WWE has paradoxically pinned itself to the mat. Late last week, the US company that produces professional wrestling events said that its founder and former chief executive, Vince McMahon, would return to the company’s board.
McMahon left the company last year amid scandal. A WWE board investigation revealed he had personally made almost $20mn of secret payments. Those payments should have been reflected in company financial statements.
Such a breach would typically be a career killer. But McMahon owns 40 per cent of WWE shares and, through dual-class shares, controls 80 per cent of the vote. McMahon claims he has returned to the ring to assist in a potential sale of WWE, a potential blockbuster transaction.
The likely buyers now struggle with rising costs just as subscriber growth for their streaming platforms has plateaued. WWE, with an enterprise value of more than $6bn, still commands a loyal audience of viewers and consumers. As a result, the share price has leapt 30 per cent since December.
In its past 12 months reported, WWE has generated about $400mn in operating profit. The bulk of its earnings come from media rights sold to broadcasters such as Comcast and Fox. These rights have escalated in price in recent years. Networks have paid up to keep consumers watching their legacy “linear” networks, while also investing in streaming.
A large media acquirer — such as Comcast, Fox or Disney — could avoid paying these fees by owning WWE outright.

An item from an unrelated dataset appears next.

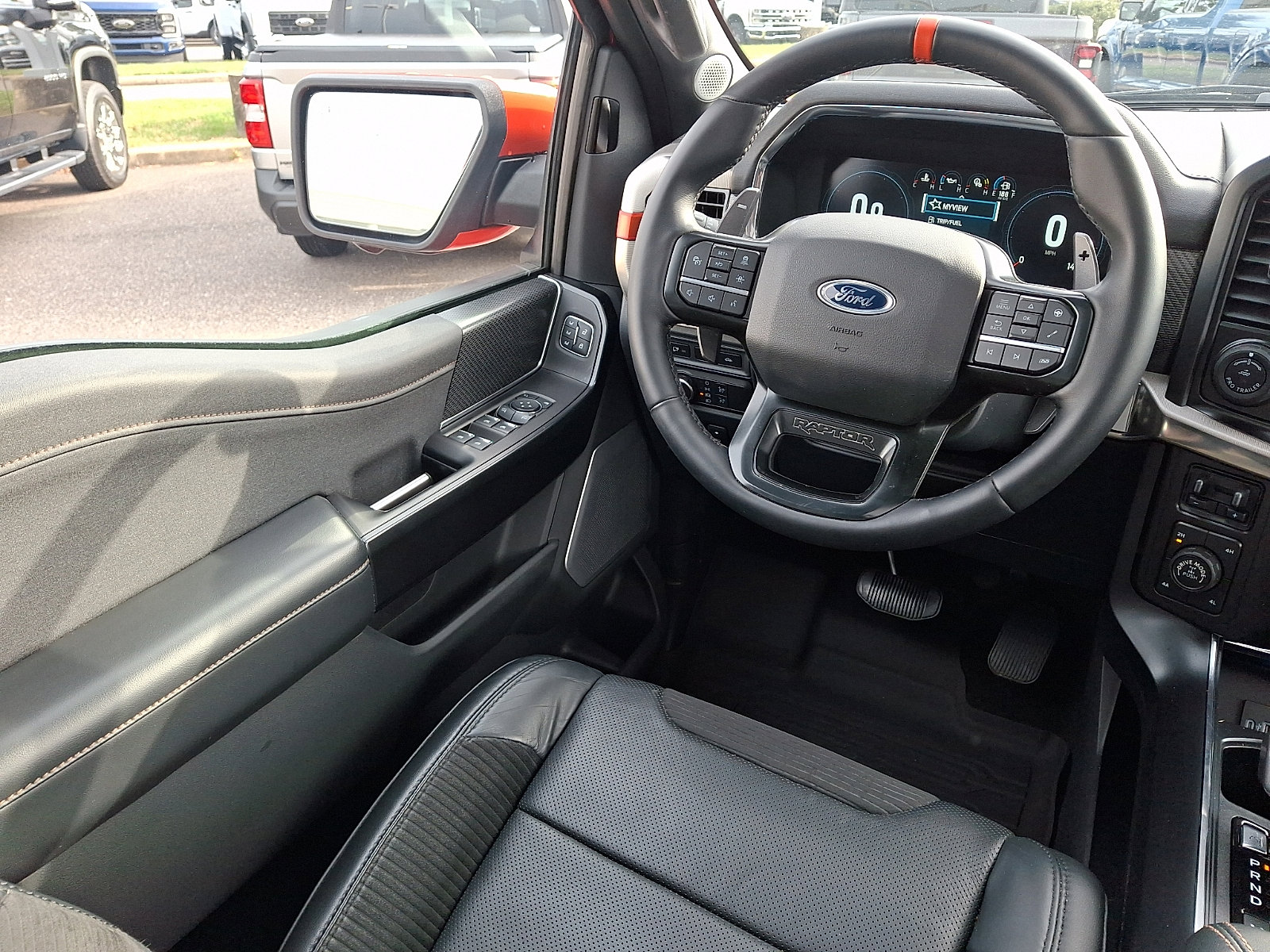 Certified 2021 Ford F150 Raptor w/ Equipment Group 801A High image 14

At the same time, companies that specialise purely in the production of content might want WWE as a way to reach young, male audiences.
Within the media sector, however, there exists a graveyard of botched integrations. Moreover, the stock prices of big media groups fell, in some cases, more than 30 per cent in 2022. McMahon and WWE typically write the scenario endings in advance for the big bouts. This time, the WWE sale should prove a real cliffhanger.